For more information about Amazon S3 ListObjectsV2 API, please visit: https://docs.aws.amazon.com/AmazonS3/latest/API/API_ListObjectsV2.html

How to build

Install Rust

curl --proto '=https' --tlsv1.2 -sSf https://sh.rustup.rs | sh

Build binary

inside of project folder, run:

cargo build --release

you will find binary at target/release

How to use

CLI

Usage: s3-fast-list [OPTIONS] <COMMAND>

Commands:
  list  fast list and export results
  diff  bi-dir fast list and diff results
  help  Print this message or the help of the given subcommand(s)

Options:
  -p, --prefix <PREFIX>            prefix to start with [default: /]
  -t, --threads <THREADS>          worker threads for runtime [default: 10]
  -c, --concurrency <CONCURRENCY>  max concurrency tasks for list operation [default: 100]
  -k, --ks-file <KS_FILE>          input key space hints file [default: {region}_{bucket}_ks_hints.input]
  -f, --filter <FILTER>            object filter expresion
  -l, --log                        log to file [default: fastlist_{datetime}.log]
  -h, --help                       Print help
  -V, --version                    Print version

Full list of Amazon S3 buket inventory

Normally, to get a full list of objects from Amazon S3 bucket, your will have 2 options:

Non-realtime

Amazon S3 Inventory generate the inventory on a daily or weekly basis.

Near-realtime

Listing object programmatically with AWS SDKs or AWS CLI will underlying sequentially invoke ListObjectsV2 API until all objects are enumerated.

List "GIANT" bucket

Above methods work for most use cases.

But if you have a million+ objects bucket and you need to get full objects list job done in a very short time span, you should consider invoke ListObjectsV2 API in parallel to shorten end-to-end time cost.

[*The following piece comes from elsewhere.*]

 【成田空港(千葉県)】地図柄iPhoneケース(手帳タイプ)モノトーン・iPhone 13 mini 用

As long as supplied with a pre-segmented prefix (-k ks_hints.input) input file, this tools can concurrently invoke ListObjectsV2 API to shorten overall list time to get a full list of objects inventory.

List mode

s3-fast-list list - fast list and export results

To fast list a single bucket and export all retrieved object metadata to output parquet file.

s3-fast-list diff - bi-dir fast list and diff results

To fast list a pair of buckets in parallel, compare object metadata of same object key based on "Size" and "Etag", export all retrieved object metadata with difference flag.

Filter

For some reasons, when you want to apply some conditions to filter out objects found by it's metadata properties, you can apply a filter.

Filter syntax

Filter is a string of expression of condition.

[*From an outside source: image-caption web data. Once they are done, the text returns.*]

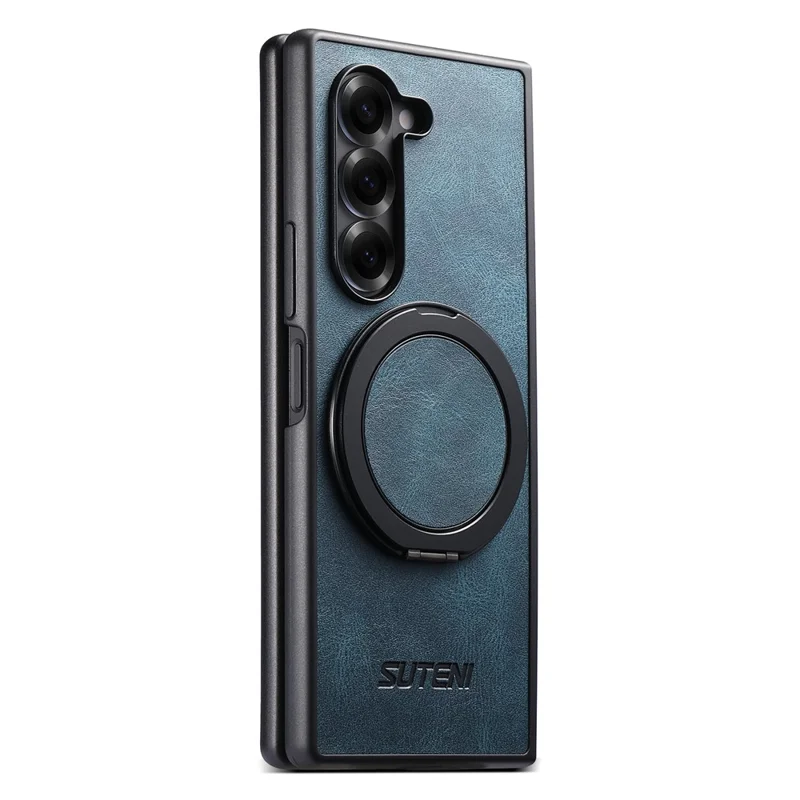 SUTENI G3 Hülle für Samsung Galaxy Z Fold5 5G, kompatibel mit MagSafe, mit wachsartiger Textur, drehbarem Ständer und Leder-Rückseite - Blau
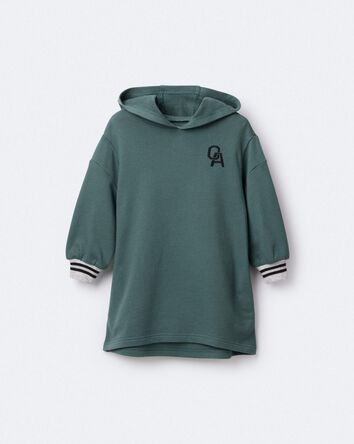 Toddler Girl Long-Sleeve Hooded Sweatshirt Dress - Green, 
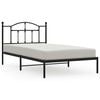 vidaXL Metal Bed Frame without Mattress with Headboard Black 100x200cm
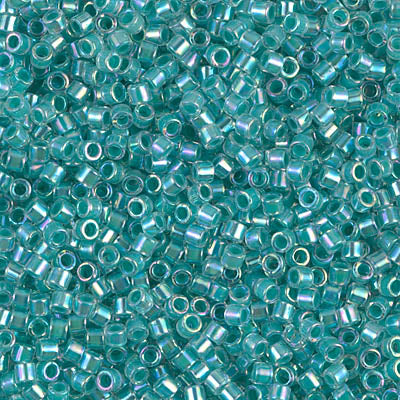 10/0 Miyuki DELICA Beads - Turquoise Green Lined Crystal AB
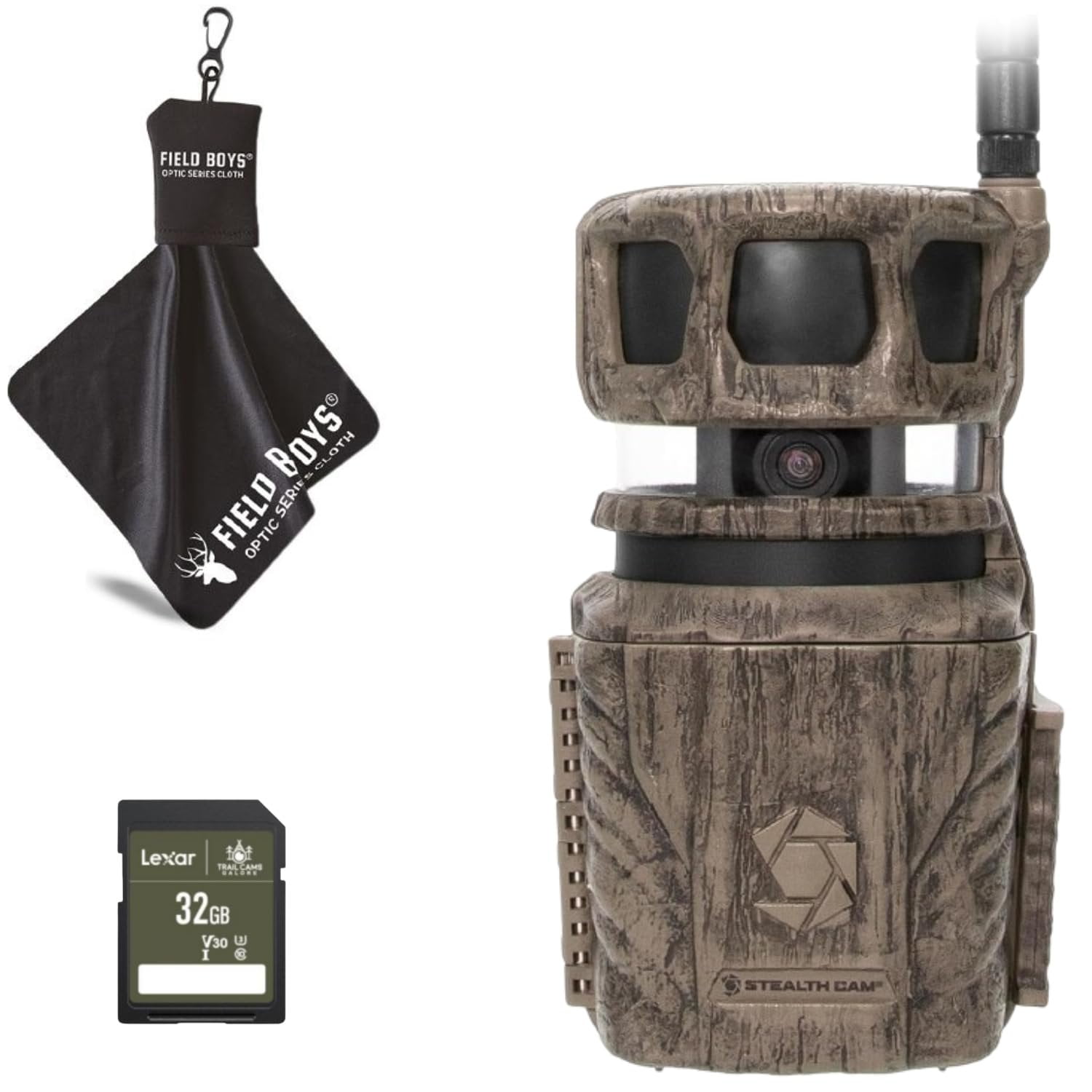 Stealth Cam Revolver 36MP Trail Camera with 1080P HD Video at 30 FPS, 0.4 Sec Trigger Speed, 360 Panoramic View, Built-in GPS, Verizon/AT&T Cellular, 32GB SD Card, and Microfiber Cleaning Cloth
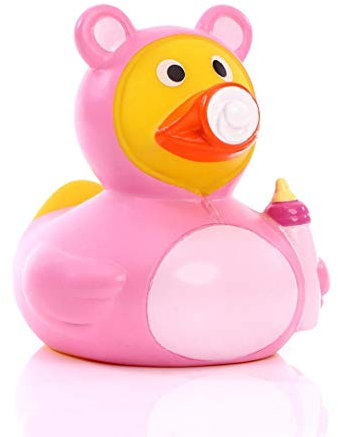 Schnabels Quietsche-Ente Baby - das lustige Geschenk für die Badezeit! Unisex Quietscheente mit Fläschchen und Schnuller, ideal für kleine Küken und ihre Eltern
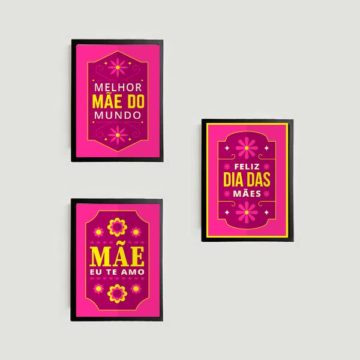 Kit 3 Quadros Mãe Eu Te Amo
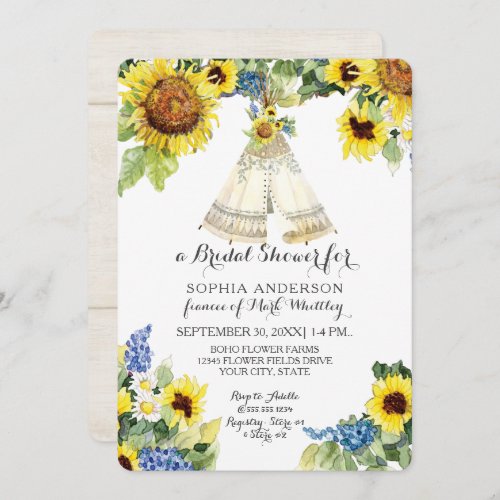 Bridal Shower BOHO Floral Teepee Sunflower Daisy Invitation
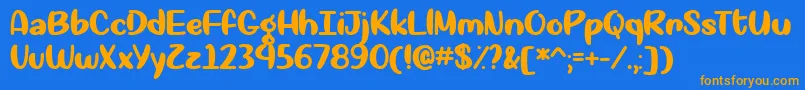 Okay Again   Font – Orange Fonts on Blue Background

Allowed variable: SOURCE and TARGET (TARGET only for diff mode).

Allowed property: size and last_modified in integer.

Examples:

# for list mode
# object size great than 1000 bytes and it's last modified time great equal to January 1, 2024 00:00:00 UTC
list --filter "SOURCE.size > 1000 && SOURCE.last_modified >= 1704038400"

# for diff mode
# object size from SOURCE bucket great than 1000 bytes and it's last modified time great equals to January 1, 2024 00:00:00 UTC
# or object size from TARGET bucket equals to 100000 bytes.
diff --filter "(SOURCE.size > 1000 && SOURCE.last_modified >= 1704038400) || TARGET.size == 100000"

Differences between modes

in list mode, filter apples to all objects.

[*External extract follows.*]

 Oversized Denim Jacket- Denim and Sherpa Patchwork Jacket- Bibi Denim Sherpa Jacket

in diff mode, filter apples for objects seen on both SOURCE and TARGET side (DiffFlag in 3).

Output

Object metadata (parquet file)

The metadata of all objects are exported to a parquet file at the end of run with following schema:

Field DataType
Key Utf8
Size UInt64
LastModified UInt64
ETag Utf8
DiffFlag UIint8

in list mode, all DiffFlag marked in 1

in diff mode, enum value description of DiffFlag field:

0 - Object seen on BOTH side, Size and ETag are EQUAL (all EQUAL objects will not be export in diff mode)
1 - Object seen ONLY at SOURCE bucket
2 - Object seen ONLY at TARGET bucket
3 - Object seen on BOTH side, Size or ETag is not EQUAL (use metadata of object from SOURCE side during export)

Prefix distribution (ks file)

A prefix distribution csv file with name convension {region}_{bucket}_{datetime}.ks is exported at the end of each run.

Inside of ks file, each line indicate the number of objects under that prefix with assumed use delimit of "/".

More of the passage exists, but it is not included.